Ok how long do you have to keep new chicks inside?? I have them in the garage with the red warm light on them and they are getting way too big to stay in the big "tub" we have them in. We have a "chicken tractor" that would give them ALOT more room until my husband can get home and build the coop we are going to build for them. But they seem to just be running over each other right now. I can move the red light out to the tractor to help keep them warm.
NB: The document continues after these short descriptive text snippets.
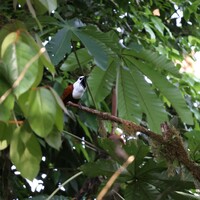 COSTA RICA-DIVERSE SPECIES-WILDLIFE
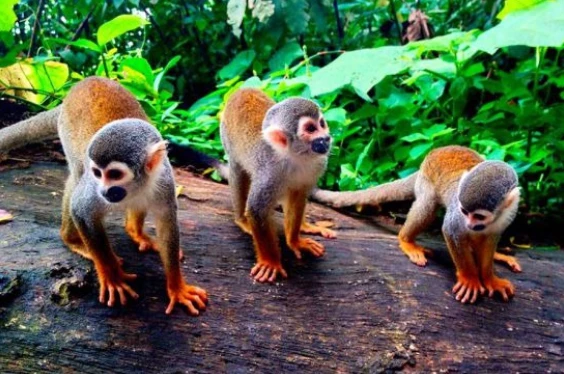 Full day - Río Amazonas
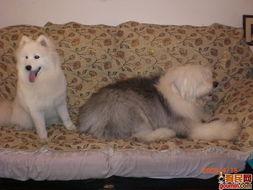 古牧八卦哥哥,揭秘八卦哥哥的传奇人生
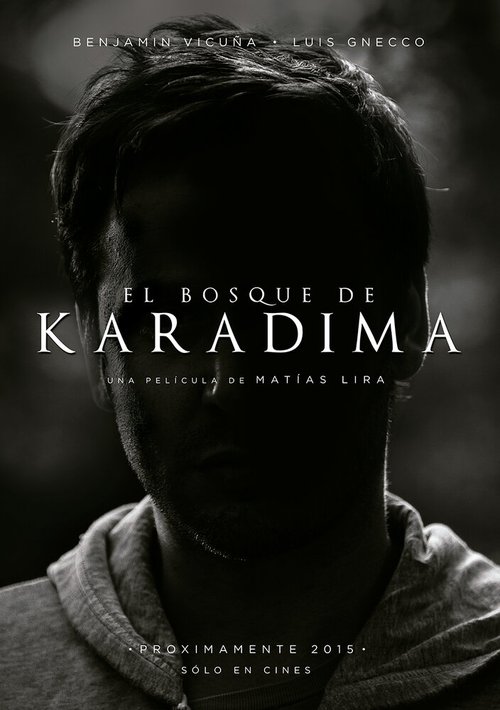 Смотреть фильм El Bosque de Karadima (2015) онлайн в хорошем качестве HDRip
Just looking for something I can do to give them more room.....help please...I dont want to do anything to harm them so that is why I am asking before I do anything


----------



## lorijohnson823 (Mar 8, 2013)

How many weeks are your chicks and are they large fowl or bantam?


----------



## Apyl (Jun 20, 2012)

All depends on the temps outside and if you tractor an enclosue atajched to it. Even with the heat lamp you cant jut leave chicks in a ractor all night wth only fencing to protect them.


----------



## Chickprepper69 (Feb 9, 2013)

They are both large fowl and bantams, the tractor does have an enclosed area with nesting boxes and a perch...The covered area is just a bit bigger than the tub we are keeping them in in the garage then there is alot more "screened" (chicken wire) covered area they can be in during the daylight hours. The temps are in the low 40's for the lows and highs are high 60's to low 70's.


----------